O Estado paga uma boa soma ao proprietário de animais mortos por predadores. Em princípio confia no número que lhe é apresentado, pois existem estatísticas de muitos decénios que permitem estabelecer "médias" aceitáveis.

De qualquer modo, recomenda-se não fazer como todos os turistas o fazem: Perguntar ao criador lapão quantos animais tem na sua manada!

Responde-lhe de imediato se ele lhe perguntou quanto à sua conta bancária?

(Para mais... e importante... paga-se imposto por cada uma das renas da manada! Felizmente que as mesmas andam á solta pelas florestas e muitas das vezes torna-se muito difícil contá-las!)

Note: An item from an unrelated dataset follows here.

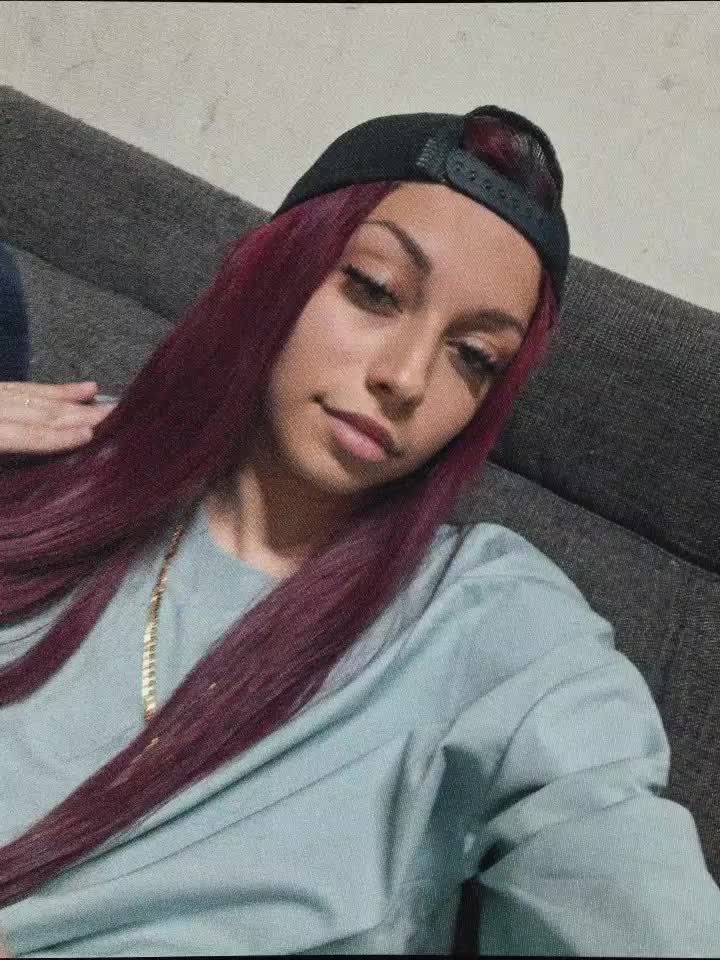 @Francesca Tabone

Segundo a lei actual, só cidadãos lapöes, reconhecidos oficialmente como tal, ou cooperativas de aldeias exclusivas de lapões, estão autorizados a criar e explorar renas em grandes manadas, ou consequentes explorações industriais do produto em grande escala. Isto para manter localmente todo um modo de cultura e vida, que já há muito teria sido "comprado" pelas grandes indústrias suecas.

Uma dúzia, ou uma vintena de renas para fins pessoais, tanto para trenó como para agradável companhia ou (não menos!) consumo é no entanto permitida aos suecos não lapões... como eu…

Um abraço do José Belo

2 comentários:

Anónimo disse...

Interessante a descrição que nos enviou o José Belo, sobre as renas. Permitiu-me ter mais conhecimento sobre as mesmas, por esta via.
Um abraço.

Mª Arminda

Hélder Valério disse...

Secundo o que escreve a Maria Arminda.

Foi um descrição com muita informação e com vários aspectos interessantes e outros curiosos.

Parece que a Natureza apetrechou esses animais de maneira extraordinária de modo a viverem bem adaptados ao seu habitat.

Quanto à questão do "pó de corno de rena" e os seus efeitos afrodisíacos, parece estar na linha das mesmas acções com os cornos dos rinocerontes e dos elefantes, embora aqui também funcione o 'efeito marfim'.